#CampFire: Death Toll Rises To 66, With More Than 600 Missing

As firefighters start gaining ground on the fires in California, new information reveals the true devastation at play. Officials have confirmed that the remains of seven more victims of NoCal’s Camp Fire have been found. That brings the overall total of people killed to 66.

 

But now, police have also updated the list of missing – or “unaccounted for” people – while it was 130 on Wednesday, it’s now 631. Butte County Sheriff Kory Honea said the increase is because they are now including anyone who called 9-1-1 when the fire first arrived. They are hoping most of those people are simply displaced and will contact them so they can take their name off the list.

 

Honea said they have tentatively identified 53 of the victims, but are waiting for DNA confirmation.

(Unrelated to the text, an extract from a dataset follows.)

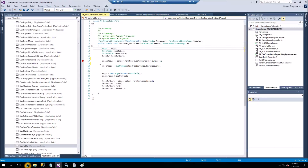This will populate the SalesTable buffer. The second step is to populate the CustomerTable buffer through Find, using the SalesTable CustomerAccount field, which is the key for the customer table. Then we place the parameter in Args like this: CustomerTable record as the parameter.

  • As for the fires themselves, the Camp Fire is still burning. It is engulfing about 141-thousand acres and is 40% contained. Some evacuation orders and warnings have been lifted so people can return and survey the damage. But officials warn that if an area is under a warning, people must be ready to go immediately if the fire shifts.
  • The flames of the Woolsey Fire are also being fanned – though Cal Fire reports it’s now at 62% containment – with more than 98-thousand acres scorched. While more of the fire is getting put down, officials don’t want to allow residents back until it’s safe – as valuable infrastructure has been destroyed.
  • ONE MORE THING! Northern California's Camp Fire is among the deadliest in American history. Officials have confirmed that the new death total makes this blaze the deadliest wildfire in 100 years. The Cloquet Fire in 1918 in Minnesota killed an estimated 450 people. The deadliest fire ever? The 1871 Peshtigo Fire in Wisconsin that claimed at least 12-hundred lives. The Great Fire in 1910 in parts of Idaho and Montana burned more than three-million acres and killed 87 people, most of them firefighters. Still, the Camp Fire is now the deadliest wildfire in California history, putting it ahead of the 1933 Griffith Park Fire that killed 29. The most recent deadly wildfire was in 2013 when 19 firefighters died fighting the Yarnell Hill Fire in Arizona.